In the Hamptons, summer vacationers and year-round residents endure something of a symbiotic relationship.
The hedge funders, Hollywood types, old-money scions and rock stars who proliferate from Memorial Day to Labor Day need the fishers, farmers, plumbers and construction workers who populate Suffolk County year-round. And vice versa. The latter can’t pay their bills without the former, and the former need the latter to survive. An uneasy social contract keeps the peace between them for a dozen weeks each year, and life goes on.

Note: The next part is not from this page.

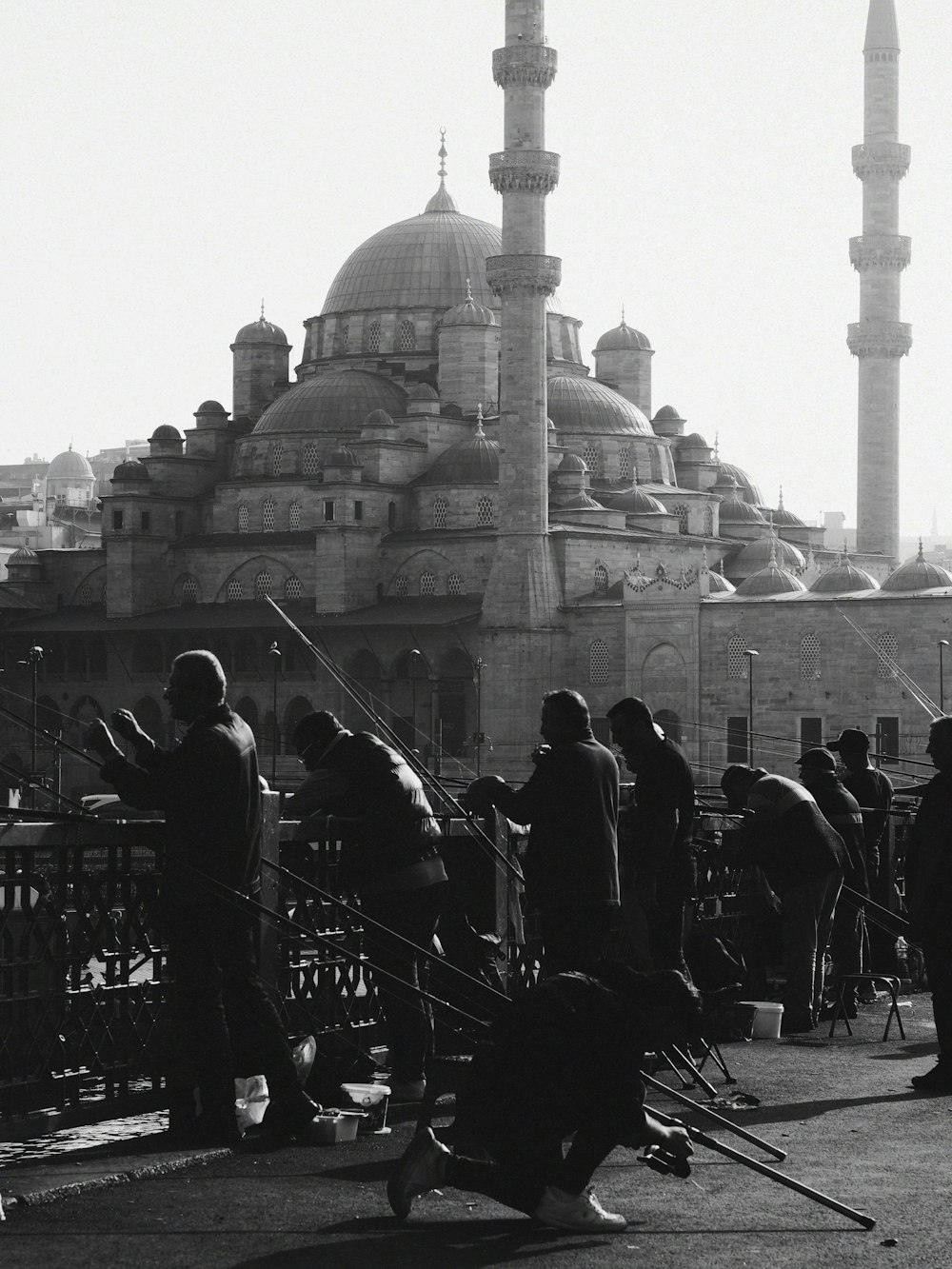 a black and white photo of people in front of a building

That changed when the pandemic hit. Not to get too dramatic, but it was like the French Revolution. The social order was upended. Lines of black Range Rovers and G-Class SUVs waited to pick up kids outside schools where there used to be Chevy Tahoes. Lines curled around the Amagansett IGA. Lines were everywhere. The summer folks were here, and they were staying. The once peaceful, orderly, seasonal cycle was over.
Citarella ran out of caviar, Roquefort and uni at Christmas. Sagaponack Farm Distillery ran out of Armin baguettes. Had city butcher Ottomanelli Brothers not started delivering to the Hamptons, starvation might have set in.
“The good news is, restaurants that usually closed for the winter stayed open this year,” said Douglas Elliman agent and East Hampton local Patrick McLaughlin. “The bad news is, you can’t get a table. You need reservations on a Monday night. Monday? Really?”
Along with the fleeing city folk came their children. School populations spiked. Amagansett School, a public school, saw K-6 enrollment more than double, the East Hampton Star reported. In other local districts — Montauk and Sag Harbor — enrollment increased by about 20 percent. The Ross School, a private school, which had shuttered its Bridgehampton campus, reopened it this year with a similar increase. And for-profit Avenues, which debuted this year in East Hampton, almost immediately opened a second campus to meet demand.
Incredibly, some parents have been paying tuition to schools in the city and the Hamptons while they figure out where to ultimately settle. They don’t want to lose their spot at Horace Mann.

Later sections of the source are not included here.